Greg Duncan, a member of the National Academy of Sciences, was awarded the 2013 Klaus J. Jacobs Research Prize that is bestowed by the Zurich-based Jacobs Foundation and comes with a $1.09 million grant.
"I am deeply honored and excited that this prize will help launch new research initiatives that I'm planning," Duncan says in a UCI statement. "Low-income children enter kindergarten far behind high-income children in terms of concrete literacy and math skills, and they have more difficulty paying attention in class. My research seeks a better understanding of why this is the case."

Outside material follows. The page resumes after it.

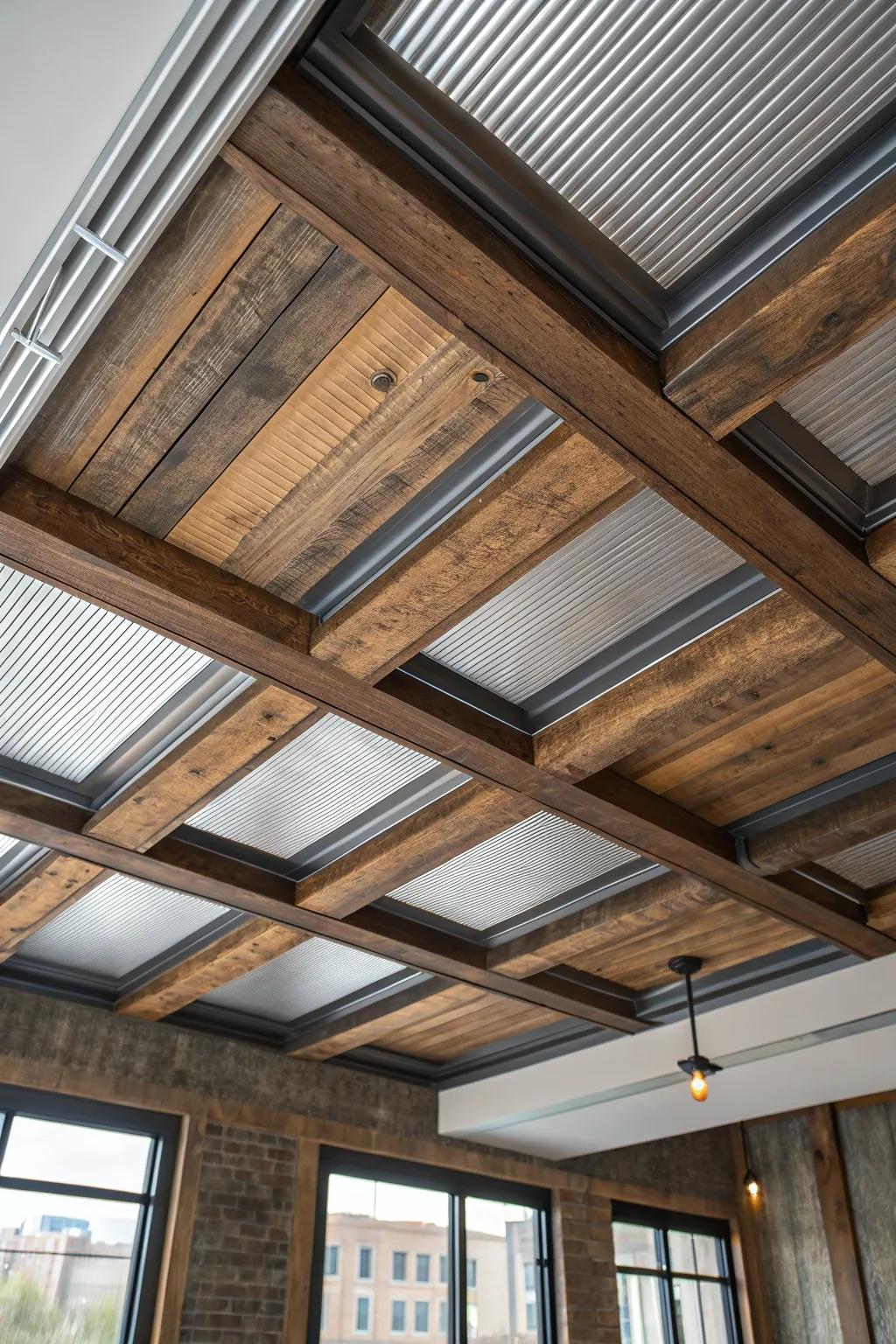 Elevate your space with a stunning mix of wood and metal in this industrial chic coffered ceiling.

Duncan, a Distinguished Professor of Education at the university, explains he will use the funds to work with neuroscientists, developmental psychologists and economists in assessing how poverty-reducing income supplements over a child's first three years of life affect parenting and the child's cognitive development. The experimental study will involve 1,000 families and be conducted at several sites around the U.S., according to UCI.

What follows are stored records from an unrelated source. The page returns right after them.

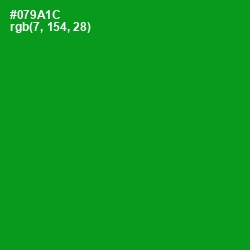 #079A1C - Forest Green Color Image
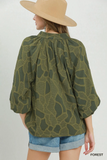 C6752 Olive Puff Sleeve Blouse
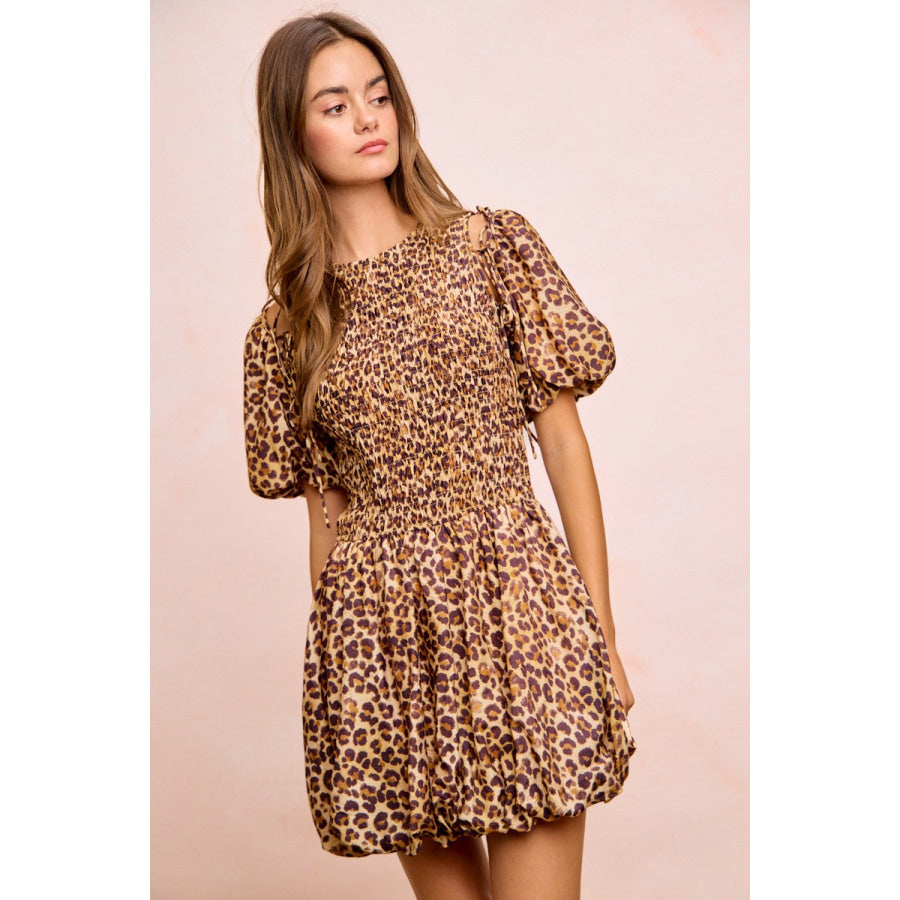 BiBi Leopard Bow Tie Attachable Puff Sleeves Dress Apparel and Accessories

"Professor Duncan has forged a profoundly interdisciplinary career dedicated to understanding the complex dynamics and contexts of child and youth development," says Deborah Vandell, dean of UCI's School of Education, in the same release. "In a talented field, he is the preeminent scholar studying the effects of poverty on child and adolescent development."
That puts him on the radar of the Jacobs Foundation, which was founded by the late Swiss businessman and philanthropist Klaus J. Jacobs and has, since 2009, annually awarded a research prize honoring exceptional achievements in the field of child and youth development.
Duncan will accept his prize at a ceremony in December in Zurich, according to UCI.